Track Owners Association, Inc.

Track Owners Association, Inc.

May 1998 Feature Report


In the mid-60’s, Bob Kennedy of Team Champion was the first racer in Indiana to break the 1-second barrier with a rail design car powered by a huge Kemtron motor.  The strip he did this on was located in a slot shop had two lanes about 6" apart.  It was constructed of " plywood and painted with black enamel.  The glue used then was STP thinned with a small amount of lighter fluid.  By today’s standards, that strip was about as level and smooth as Rosanne’s spinal column.

The serious drag enthusiast today - if he or she is going to race their ultra-scale models at speeds in excess of 110 actual mph - will only want to risk their equipment on laser-leveled strips that are smoother than a pane of glass!   Most of the modern era drag strips have less than 1/8" height differential from one end to the other.  Construction of modern drag strips is not something to be left to chance and the best ones have been built by the commercial builders who have all the tools and know all the tricks.  Little known is the fact that the "need for speed" in a straight line is NOT restricted to 24th scale cars.   There are hundreds of 64th scale drag enthusiasts and we checked with Doug Shepard of 21st Century Tracks who gave us this report: "For all the Right Reasons, 21st Century Tracks has produced over a dozen drag strips with absolutely no advertising.  People have literally crawled out of the woodwork to buy HO Drag Strips and every one of them as also been configured for the Trik Trax photo sensors to run a standard Drag Trax system from Christmas Tree to Pink Slips.  How’s that for piggy-backing?"

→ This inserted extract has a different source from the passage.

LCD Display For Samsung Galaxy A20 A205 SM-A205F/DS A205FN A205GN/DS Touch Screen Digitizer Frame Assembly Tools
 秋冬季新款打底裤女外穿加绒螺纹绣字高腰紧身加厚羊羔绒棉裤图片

Doug also added, "What 64th as well as 24th scale drag racers have in common is the Need For Speed in a straight line.  It is also generally bracket racing, so it’s "run-what-cha-brung" as well.   About the only difference is that 24th racers pretty much expect to race on either a "true scale" 1/8th or mile drag strip.  H.O. drag strip racers only have a 20’8" true scale quarter mile, and H.O. cars that want to run on the Bonneville Salt Flats that don’t care about a drag strip’s length because they’ll take all they can get!"

Mr. Shepard concluded his comments by saying, "If it’s good for the NHRA , it’s good for TOA Members!!"